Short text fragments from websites
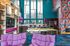 Vibrant modern living space with colorful accents, high ceilings, stylish furniture, and a sleek kitchen area.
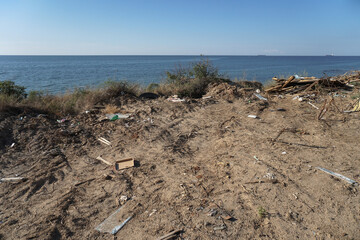 Garbage filled up on the seashore. Traces of human activity. pollution of the shores of India and Srilanka.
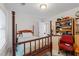 Bright bedroom featuring a four-poster bed, window with blinds, and built-in shelving for ample storage space at 3652 Morning Creek Ct, Suwanee, GA 30024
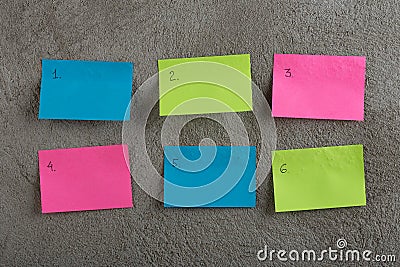 Plan of the week on colored blank stickers on concrete wall Stock Photo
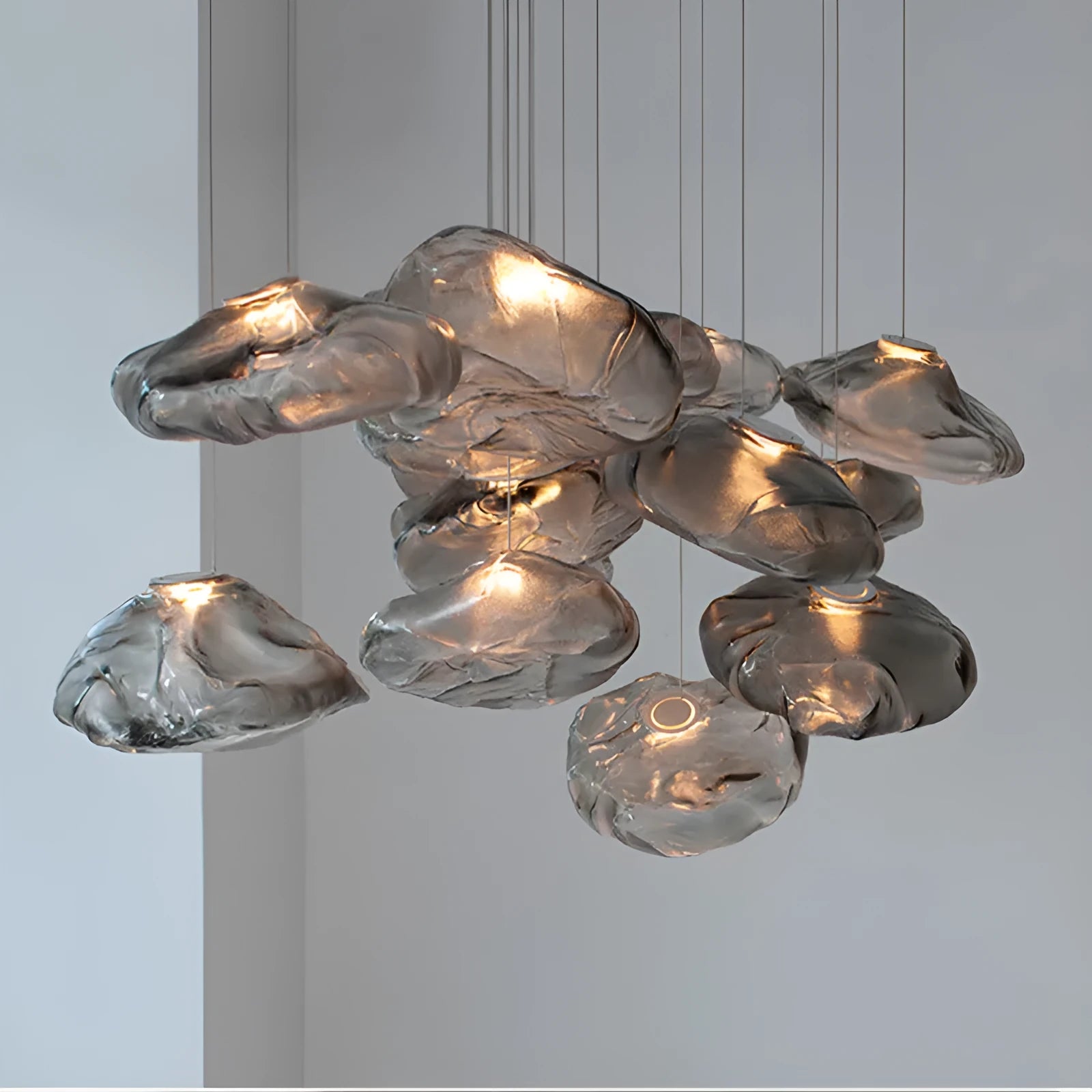 Postmodern glass decorative chandelier with LED lighting in amber, clear, or smoke grey colours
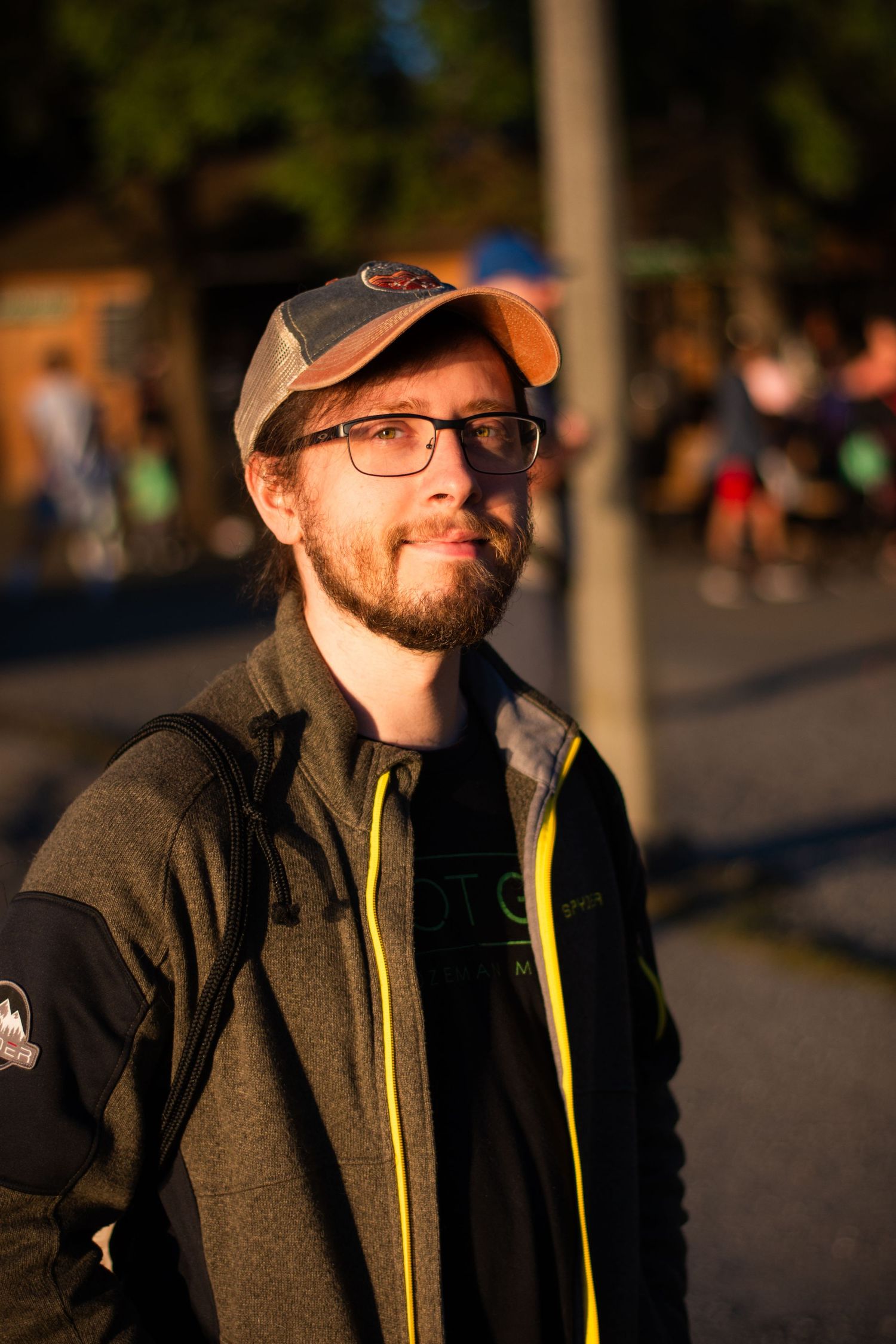 A person in casual outdoor wear and baseball cap photographed at golden hour.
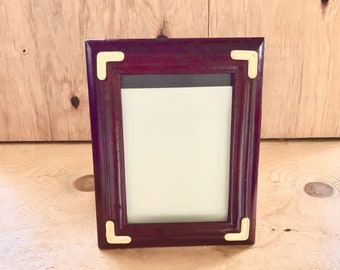 May include: A dark red wood picture frame with gold corner accents. The frame has a simple design and is ready to display a photo or artwork.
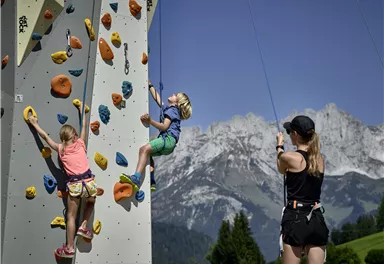 Ein Kletterturm in den Bergen, wo Kinder klettern. Im Hintergrund sind beeindruckende Berglandschaften zu sehen.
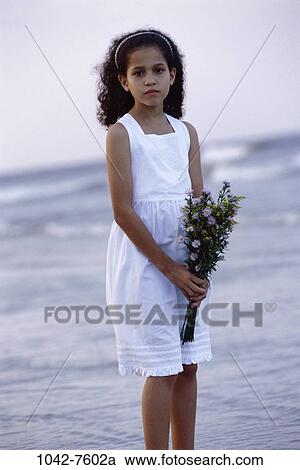 people, Hispanic, beach, girl, flowers, outdoors, individuality View Large Photo Image Stock Image - people, Hispanic, beach, girl, flowers, outdoors, individuality. Fotosearch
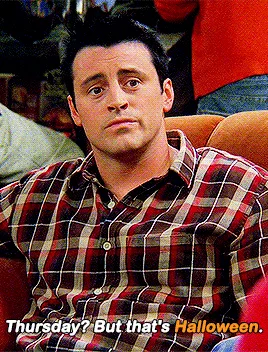 Six identical panels show the character Joey Tribbiani from 'Friends' sitting on a couch, wearing a red and beige plaid…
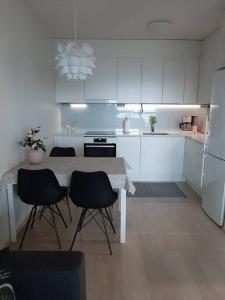 uma cozinha branca com uma mesa e cadeiras em Upea kaksio Näsijärven rannalla em Tampere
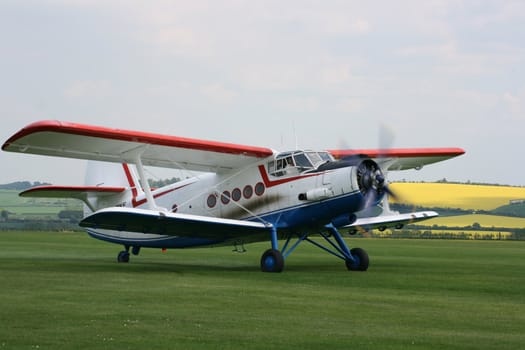 The Antonov An-2 a light, single-engine biplane which first flew in 1947. Used for light transport, parachute drops and agricultural work. Image taken at Old Sarum Airfield, Salisbury,Wiltshire UK. 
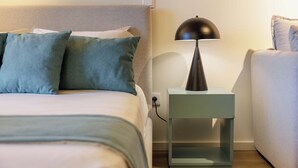 En pænt redt seng med gråt sengegavl, et lille natbord med lampe og en stikkontakt.
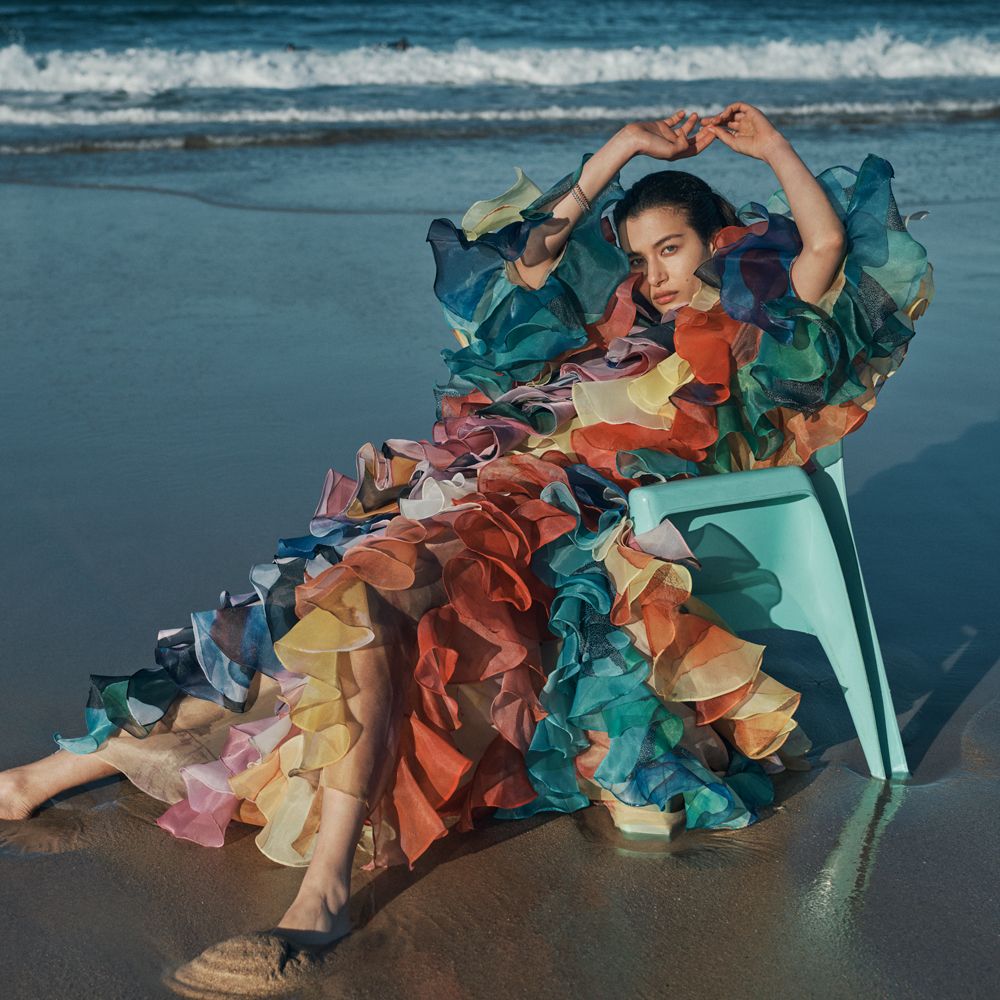 Model sitting in chair on beach in ruffled gown.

* Exercise objective
Word for word and without pictures, please write out only the lines from the start of the entries through the line containing "uma cozinha branca", both included.

* The answer
 Vibrant modern living space with colorful accents, high ceilings, stylish furniture, and a sleek kitchen area.
 Garbage filled up on the seashore. Traces of human activity. pollution of the shores of India and Srilanka.
 Bright bedroom featuring a four-poster bed, window with blinds, and built-in shelving for ample storage space at 3652 Morning Creek Ct, Suwanee, GA 30024
 Plan of the week on colored blank stickers on concrete wall Stock Photo
 Postmodern glass decorative chandelier with LED lighting in amber, clear, or smoke grey colours
 A person in casual outdoor wear and baseball cap photographed at golden hour.
 May include: A dark red wood picture frame with gold corner accents. The frame has a simple design and is ready to display a photo or artwork.
 Ein Kletterturm in den Bergen, wo Kinder klettern. Im Hintergrund sind beeindruckende Berglandschaften zu sehen.
 people, Hispanic, beach, girl, flowers, outdoors, individuality View Large Photo Image Stock Image - people, Hispanic, beach, girl, flowers, outdoors, individuality. Fotosearch
 Six identical panels show the character Joey Tribbiani from 'Friends' sitting on a couch, wearing a red and beige plaid…
 uma cozinha branca com uma mesa e cadeiras em Upea kaksio Näsijärven rannalla em Tampere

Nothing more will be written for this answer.